___ EXTRACTED DATA ___

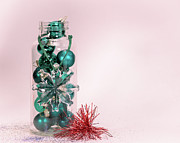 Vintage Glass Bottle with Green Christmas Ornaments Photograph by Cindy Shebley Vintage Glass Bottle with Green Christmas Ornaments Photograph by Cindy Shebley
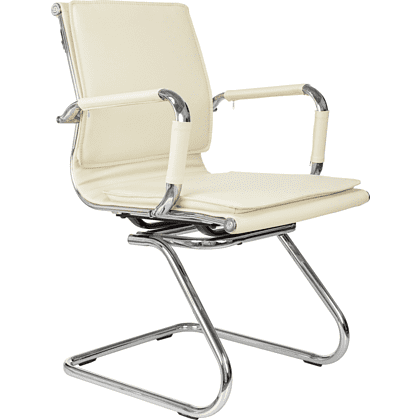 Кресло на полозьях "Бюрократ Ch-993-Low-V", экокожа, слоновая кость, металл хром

___
___ EXTRACTED DATA ___

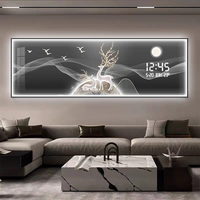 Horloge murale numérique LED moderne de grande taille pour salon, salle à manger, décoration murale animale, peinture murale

___
___ EXTRACTED DATA ___

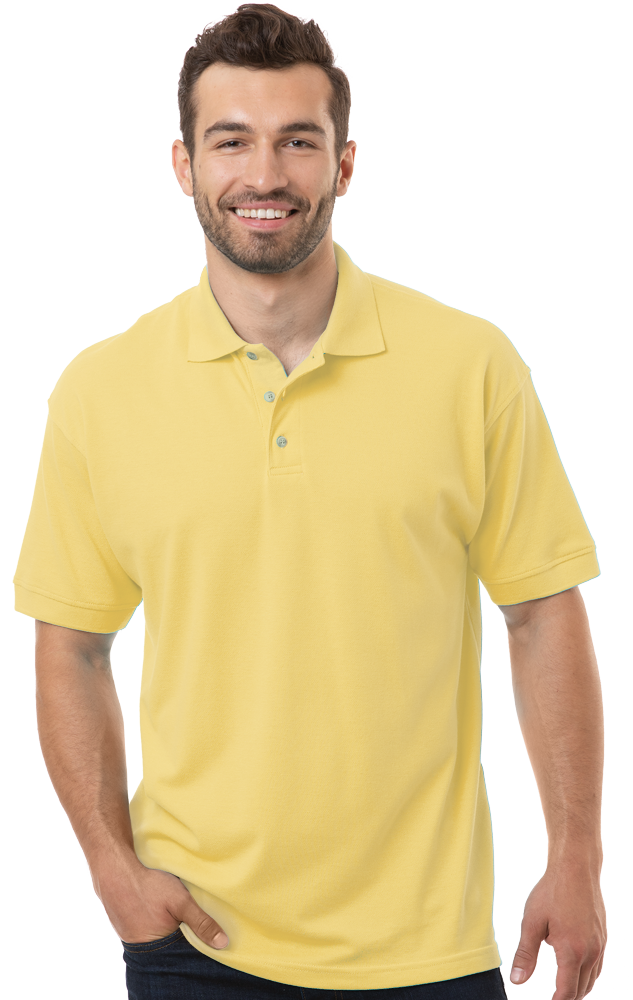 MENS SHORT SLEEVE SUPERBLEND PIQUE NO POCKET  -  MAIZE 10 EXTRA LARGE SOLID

___

• [EXERCISE REQUIREMENTS]: Of all the material above, only the lines from the one that has "Cindy Shebley Vintage" down to the one that has "Кресло на полозьях" are to be written out, exactly and with both ends included. Pictures are skipped.

• [THE ANSWER]:
 Vintage Glass Bottle with Green Christmas Ornaments Photograph by Cindy Shebley Vintage Glass Bottle with Green Christmas Ornaments Photograph by Cindy Shebley
 Кресло на полозьях "Бюрократ Ch-993-Low-V", экокожа, слоновая кость, металл хром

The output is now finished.